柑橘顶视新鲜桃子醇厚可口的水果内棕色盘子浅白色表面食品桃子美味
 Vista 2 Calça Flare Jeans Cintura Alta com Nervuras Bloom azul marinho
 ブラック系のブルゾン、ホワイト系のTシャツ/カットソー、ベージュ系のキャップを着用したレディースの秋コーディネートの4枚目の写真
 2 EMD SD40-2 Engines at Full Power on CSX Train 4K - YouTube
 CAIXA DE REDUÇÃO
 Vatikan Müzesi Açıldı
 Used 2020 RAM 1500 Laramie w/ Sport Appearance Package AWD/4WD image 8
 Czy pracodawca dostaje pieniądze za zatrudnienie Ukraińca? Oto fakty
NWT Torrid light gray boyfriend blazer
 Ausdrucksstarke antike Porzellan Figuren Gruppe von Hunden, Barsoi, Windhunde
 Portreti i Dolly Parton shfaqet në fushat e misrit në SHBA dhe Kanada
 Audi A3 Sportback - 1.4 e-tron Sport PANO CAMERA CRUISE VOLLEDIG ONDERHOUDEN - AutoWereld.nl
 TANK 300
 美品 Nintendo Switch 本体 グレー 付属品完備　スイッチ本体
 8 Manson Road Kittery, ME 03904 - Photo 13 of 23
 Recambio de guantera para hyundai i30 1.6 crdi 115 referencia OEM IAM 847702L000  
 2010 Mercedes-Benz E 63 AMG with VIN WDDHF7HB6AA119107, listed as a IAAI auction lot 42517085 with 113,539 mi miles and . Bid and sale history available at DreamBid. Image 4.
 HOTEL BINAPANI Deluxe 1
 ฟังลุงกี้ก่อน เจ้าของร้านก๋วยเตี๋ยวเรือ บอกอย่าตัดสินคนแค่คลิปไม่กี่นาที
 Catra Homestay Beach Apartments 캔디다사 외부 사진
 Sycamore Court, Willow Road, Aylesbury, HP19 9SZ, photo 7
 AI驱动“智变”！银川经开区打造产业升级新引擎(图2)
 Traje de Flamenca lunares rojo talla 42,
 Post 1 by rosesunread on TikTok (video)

_What is expected_: Nothing but a number is needed: the count of lines above that contain "Sport".

_Task result_: 2